Stollen off another forum


----------



## Sarge (Nov 21, 2010)

NOOOOOOOOOOOOOOOOOOOOOOOOOOOOOOOOOOOOOOOOOOOOOOOOOOOOOOOOOOOOOOOOOOOOOOOOOOOOOOOOOOOOOOOOOOOO!! Say it ain't so. I finally tried a T & they are Heaven. Smoke the crappola out of Cohiba. Really like the Reyes w/ a few years on them too. Haven't had a chance to buy either. BLEEEEEEEEEEEEEEEEEEEEEEEEEEEEEEEEEEEEEEEEEEEEEP!!


----------



## asmartbull (Aug 16, 2009)

I guess all the rumors are true.
FRanfly, I will only really miss the Reyes and Fundy.
I just think they were priced to high and in competition with Coh.

Buy them while you can

I actual look forward to the re-release


----------



## Mante (Dec 25, 2009)

Heard it before & my reaction is the same, no great loss. :dunno:


----------



## bpegler (Mar 30, 2006)

I will miss the REs and Fundadores. For some reason, my least favorite LEs were Trinidads.


----------



## Bunner (Apr 5, 2011)

son a .... I love the reyes.... I'm sad.


----------



## CeeGar (Feb 19, 2007)

Tashaz said:


> Heard it before & my reaction is the same, no great loss. :dunno:


Ditto


----------



## aea6574 (Jun 5, 2009)

Agree with others here will miss the Funadores, a great smoke.

Best regards, Tony


----------



## JGD (Mar 2, 2009)

The Reyes has been one of my favorite short smokes since getting into this hobby. I'm glad I picked up a box last month, and I will likely try to pick up a few more.


----------



## szyzk (Nov 27, 2010)

Hmmm... If they relaunch in new vitolas with more moderate pricing, this could be a win for the consumers. Trinis are good but aren't much of a deal at the going rate.


----------



## asmartbull (Aug 16, 2009)

Lets hope for a corona gorda !!!!!!!!!


----------



## TonyBrooklyn (Jan 28, 2010)

sligub said:


> From Facebook German LCDH:
> 
> Pretty big move.
> 
> Stollen off another forum


Aside from the Reyes i won't miss them for that kinda money i go with a Cohiba any day of the week!
Never really understood the Trinidad line.


----------



## smelvis (Sep 7, 2009)

TonyBrooklyn said:


> Aside from the Reyes i won't miss them for that kinda money i go with a Cohiba any day of the week!
> Never really understood the Trinidad line.

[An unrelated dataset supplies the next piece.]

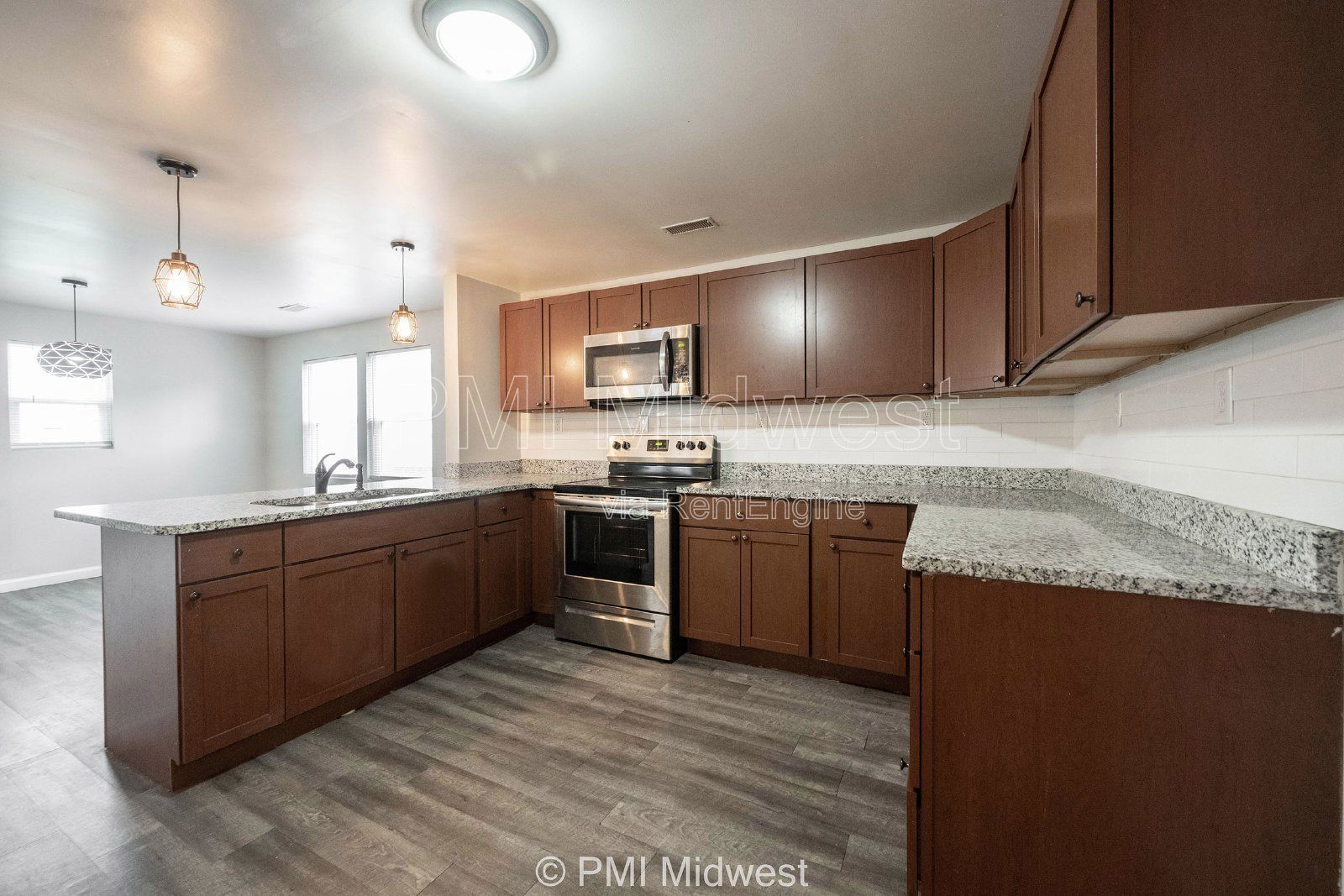 955 N Traub Ave property image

We agree on something again, I have zero boxes, I may buy a couple now to age but so far they were not for me when I am a Cohiba whore.


----------



## jdfutureman (Sep 20, 2010)

bpegler said:


> I will miss the REs and Fundadores. For some reason, my least favorite LEs were Trinidads.


The Fundadores is the only one I have smoked and it was pretty awesome. I'm glad I picked up a box of 12 but that's all I'll grab. So I won't miss the other vitolas.


----------



## Sarge (Nov 21, 2010)

asmartbull said:


> Lets hope for a corona gorda !!!!!!!!!


true dat.... Corona Gorda would be awesome!

don't get me wrong. The T is overpriced a little. Well a lot depending on where you're shopping. I'd like to see them cheaper & think they would've done great @ $250 a box. Which imho is a great price for them. Though having smoked one last weekend I will happily, yet reluctantly pony up the cash to grab a box quick before they're gone simply because. It will definitely be the most I've spent on a box to date. For the price Reyes are dam near as, if not better than the Siglo I imho. Quite frankly even the one T I had was way better than any of the 3 CoRos I've smoked so far. So I'm kind of surprised w/ all the hate on Trini & all the praise CoRo gets considering they're in the same range or exact same price. Maybe I need to smoke more CoRos or I just haven't had the right one because to me, the few I smoked were just ok. rant aside

I'm really surprised at the updated @ Half Wheel. Trini couldn't compete w/ Coh because of the price? Really? The T is right in lines w/ the Siglo IV & CoRo. The Reyes are a little cheaper than the Siglo I.... It does sound like they understood the price point was to high & will be relaunching the brand @ a better price point. However, will we still be given the same great cigars? Not only are they shaving dollars but I fear the quality they might be shaving as well. no doubt they should be a good cigar but......


----------



## dvickery (Jan 1, 2000)

so i just went to "habanos sa"...nothing official.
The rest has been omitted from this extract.